Après un séjour de sept mois en Espagne, Al-Wazir une fois rentré, sa mission accomplie avec succès, entreprend de rédiger un rapport à l’intention du souverain, sous forme de relation de voyage, qu’il intitula « Rihlat Al-Wazir fi iftikak al asir », ou « La relation d’Al-Wazir pour la libération du captif ».

Deux raisons essentielles nous ont conduits à nous intéresser à cette Rihla :

D’abord son intérêt propre, en tant que document dont la valeur historique est indéniable, disons même exceptionnelle. Dans la mesure où il nous renseigne sur la perception et la représentation de l’Europe, chez une personnalité marocaine, occupant un haut rang au sein du “Makhzen chérifien” à la fin du XVIIe siècle.

Ensuite la méconnaissance, sinon le rejet dont ce document fera l’objet de la part des historiens marocains, depuis sa parution jusqu’à aujourd’hui même.
Cependant, cela ne signifie nullement que cette Rihla fut ignorée ailleurs, elle a par contre suscité un certain intérêt auprès des chercheurs étrangers, elle fut traduite partiellement dès 1884 en langue française. Une autre traduction intégrale cette fois-ci, a vu le jour en 1940 en langue espagnole, flanquée d’une édition du texte arabe.

Pourquoi donc nous’intéressons nous à un travail déjà exécuté ? Nous considérons, en effet, qu’aucune des deux contributions mentionnées n’a saisi, ni épuisé les caractéristiques essentielles de cette Rihla. La première en langue française –signée Sauvaire– est faite en méconnaissance totale de l’identité de l’auteur, considéré comme un “anonyme” et sous un titre qui n’est pas celui de l’auteur, mais de la composition du traducteur : “Une Ambassade marocaine en Espagne”.

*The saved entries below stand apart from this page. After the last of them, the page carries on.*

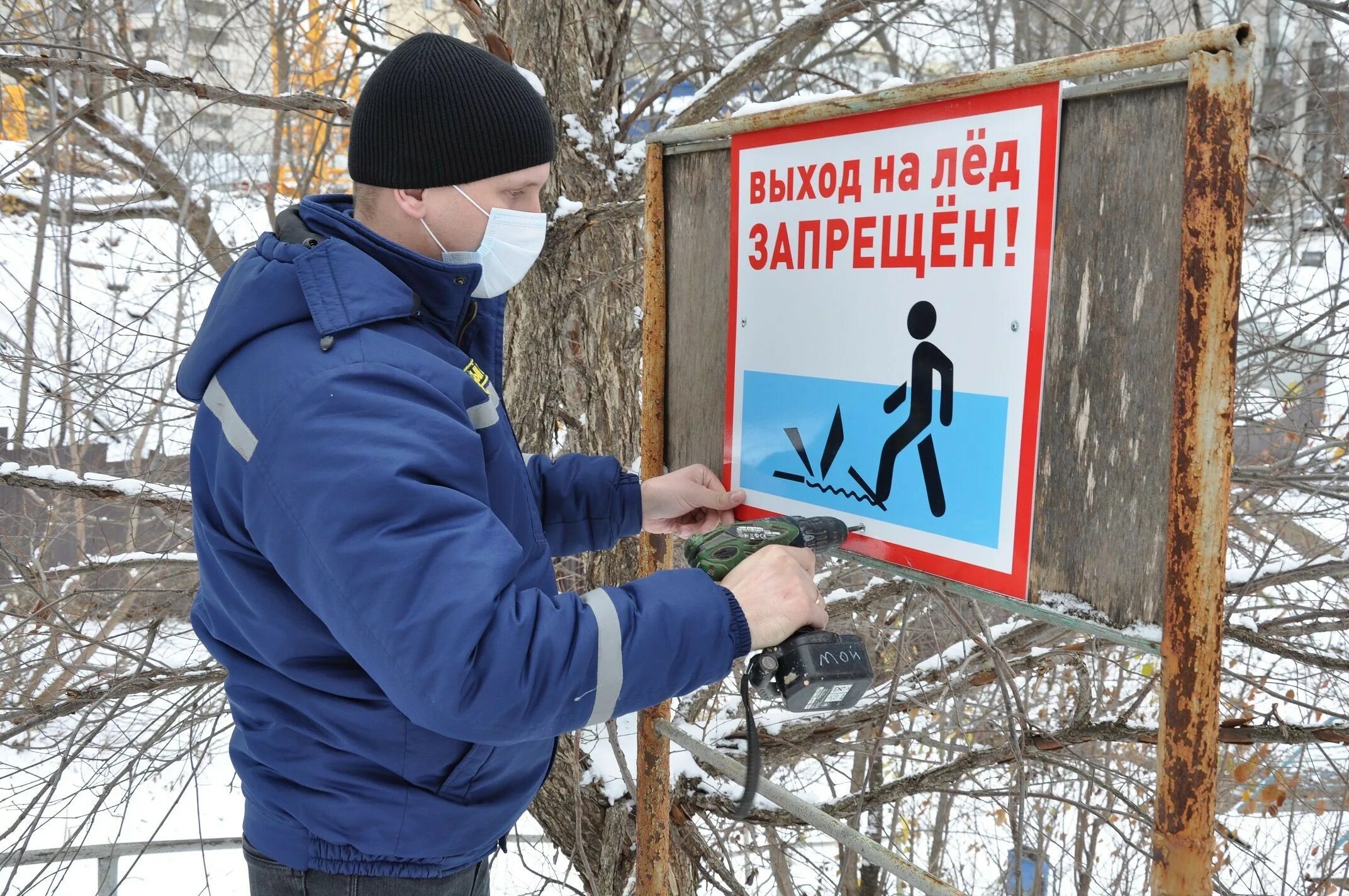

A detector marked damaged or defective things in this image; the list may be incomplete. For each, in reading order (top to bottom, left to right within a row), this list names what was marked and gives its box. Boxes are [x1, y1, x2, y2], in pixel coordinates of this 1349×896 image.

rusty metal frame [637, 21, 1258, 896]
rusty metal frame [1153, 42, 1258, 896] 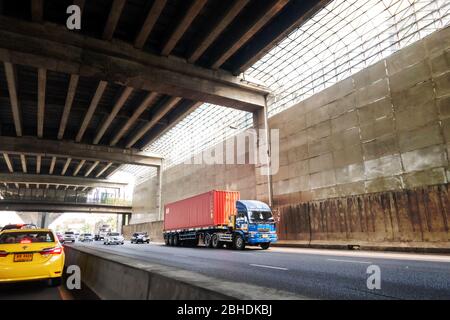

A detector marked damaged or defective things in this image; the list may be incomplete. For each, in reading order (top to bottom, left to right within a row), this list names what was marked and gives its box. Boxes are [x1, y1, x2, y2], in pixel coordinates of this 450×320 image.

rusted wall stain [278, 184, 450, 244] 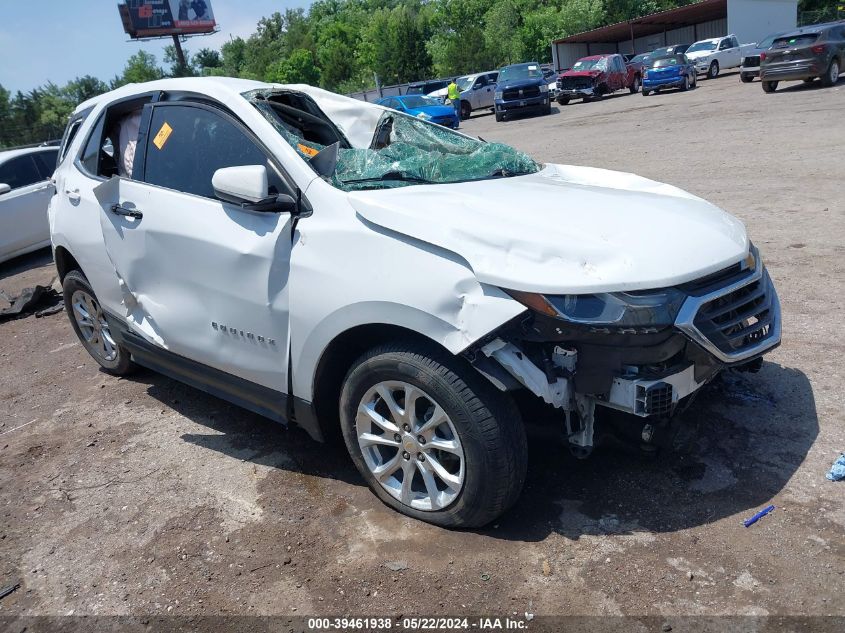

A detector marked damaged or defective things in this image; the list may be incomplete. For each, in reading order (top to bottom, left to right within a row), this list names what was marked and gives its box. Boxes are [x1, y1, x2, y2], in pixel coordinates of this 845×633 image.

shattered windshield [244, 89, 536, 191]
damaged white suv [49, 79, 780, 524]
broken headlight [504, 288, 688, 328]
front end damage [464, 244, 780, 456] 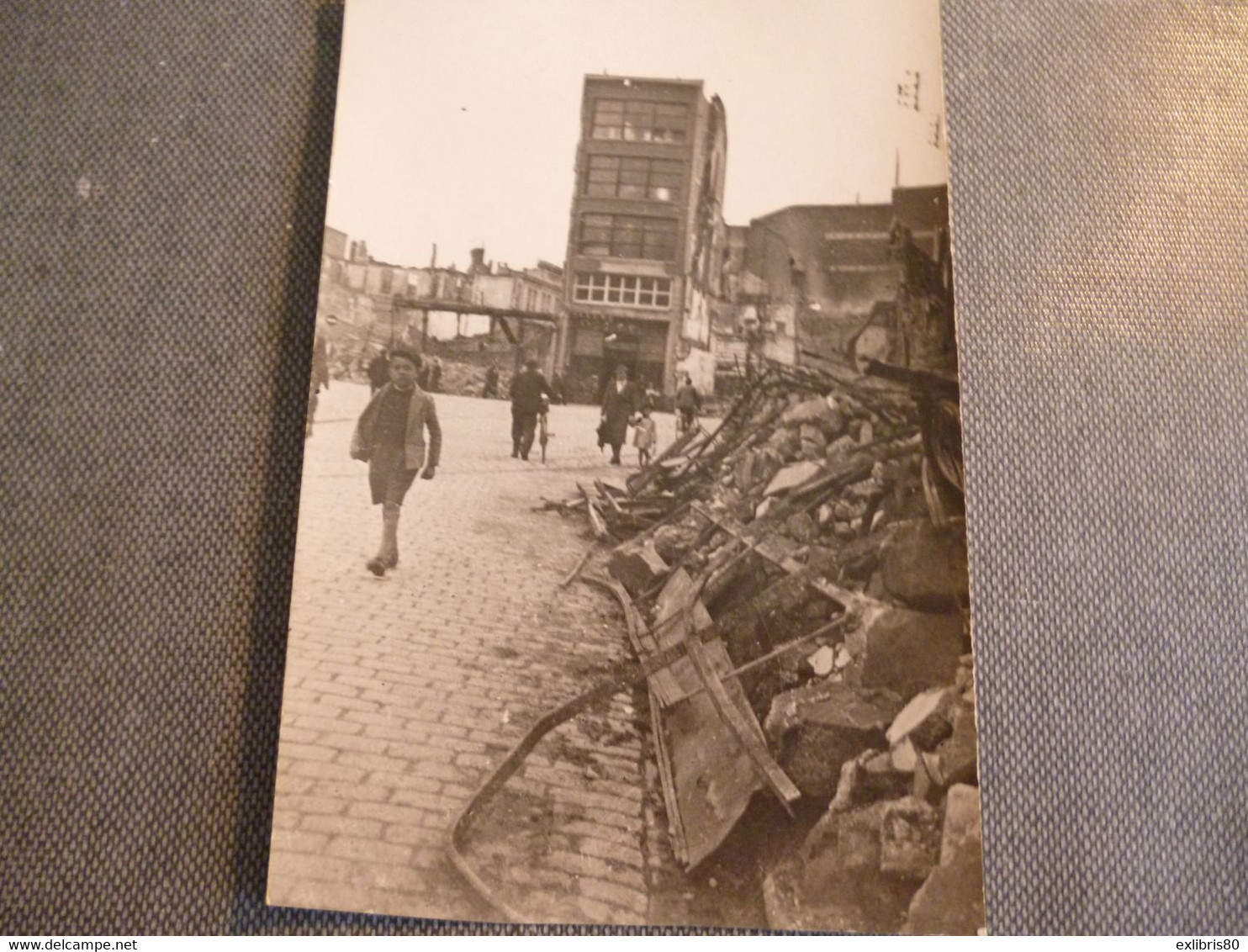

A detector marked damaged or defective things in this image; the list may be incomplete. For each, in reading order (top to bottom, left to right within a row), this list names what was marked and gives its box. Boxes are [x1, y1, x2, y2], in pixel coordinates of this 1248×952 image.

damaged building facade [558, 75, 728, 401] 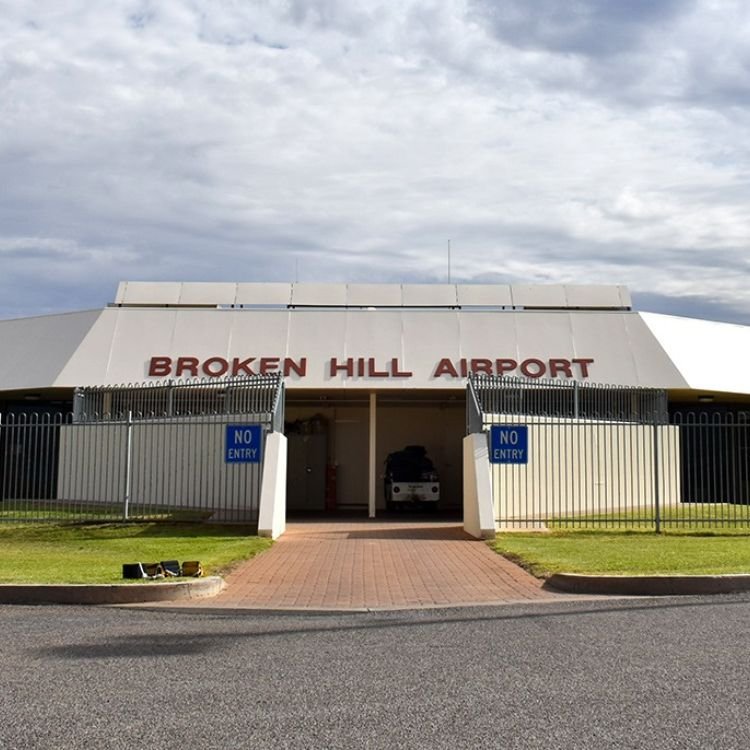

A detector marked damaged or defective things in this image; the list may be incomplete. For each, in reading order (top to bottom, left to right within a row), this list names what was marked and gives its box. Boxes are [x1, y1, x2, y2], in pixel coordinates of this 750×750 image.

broken hill airport sign [147, 356, 596, 384] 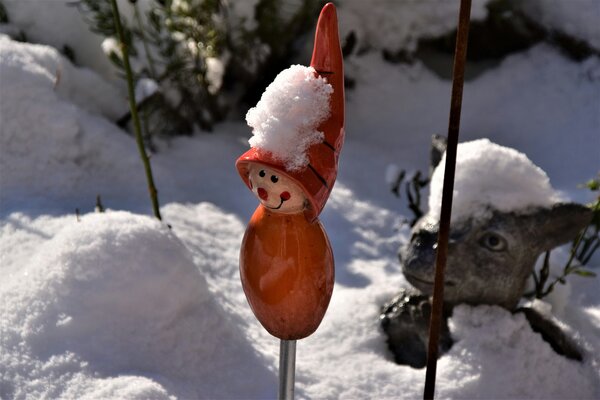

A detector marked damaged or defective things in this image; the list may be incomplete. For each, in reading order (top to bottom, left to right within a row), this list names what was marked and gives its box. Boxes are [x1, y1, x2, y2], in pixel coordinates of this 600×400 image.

rusty metal rod [424, 0, 472, 396] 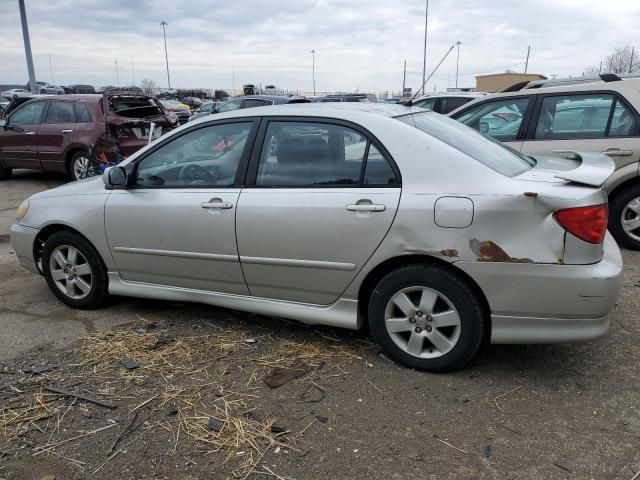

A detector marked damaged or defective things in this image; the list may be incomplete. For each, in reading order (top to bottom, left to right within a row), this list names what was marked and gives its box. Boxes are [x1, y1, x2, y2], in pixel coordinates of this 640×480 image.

dented rear bumper [458, 233, 624, 344]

Que dire de l’édition et traduction espagnole de Bostani ? Nous affirmons sans la moindre nuance, que ses fautes, ses partis pris, ses censures, bref, ces violences exercées à l’encontre de ce texte ont largement contribué à son émasculation.

En effet, le traducteur – éditeur va jusqu’à se permettre de s’introduire dans le texte, afin de le remodeler selon son bon plaisir, composant des titres, comme des sous-titres de son propre choix ; corrigeant non pas celui-ci, mais la marche du temps, donnant ainsi un air de fausse modernité à une œuvre qui n’aspire qu’à garder son authenticité. À cela s’ajoute l’absence de la moindre interrogation, en dépit de la densité événementielle et les sous-entendus que recèlent certaines expressions. Bref, tout le travail est à reprendre, avec en plus la critique de l’édition et de la traduction en question.

Que dire de la traduction française, elle-même sans annotations, sans commentaires. Sauf quelques notes aussi éparses que sans grande portée ? Rappelons tout d’abord que cette traduction est partielle, qu’elle est trop vieille, ses préjugés sont incompatibles avec les exigences scientifiques. Si parfois nous n’avions fait que retoucher certains paragraphes, nous avions souvent jugé utile de remanier complètement certains autres.

Il est à noter en effet, que derrière le sens direct que pense relever Sauvaire comme Bostani, il y a souvent un ensemble d’images, de symboles, d’impressions, de tiraillements d’une conscience. Tout ce cortège aussi bigarré que chatoyant s’efface sous la plume de ces traducteurs, pour ne laisser qu’un sens littéral, qui nous renseigne certes, mais nullement nous instruire.

Il est à souligner par ailleurs, que l’intérêt que nous portons à nos devanciers, s’explique par le fait que leurs noms sont -depuis lors- trop liés à celui d’Al-Wazir. À leur corps défendant, ils se retrouvent partie intégrante de sa Rihla. Ainsi, toute tentative visant à restituer ce discours avec toute la charge environnementale, qui lui donne ses propres caractéristiques, nécessite d’accorder un regard particulier à la manière dont il fut traité par ses commentateurs et ses traducteurs.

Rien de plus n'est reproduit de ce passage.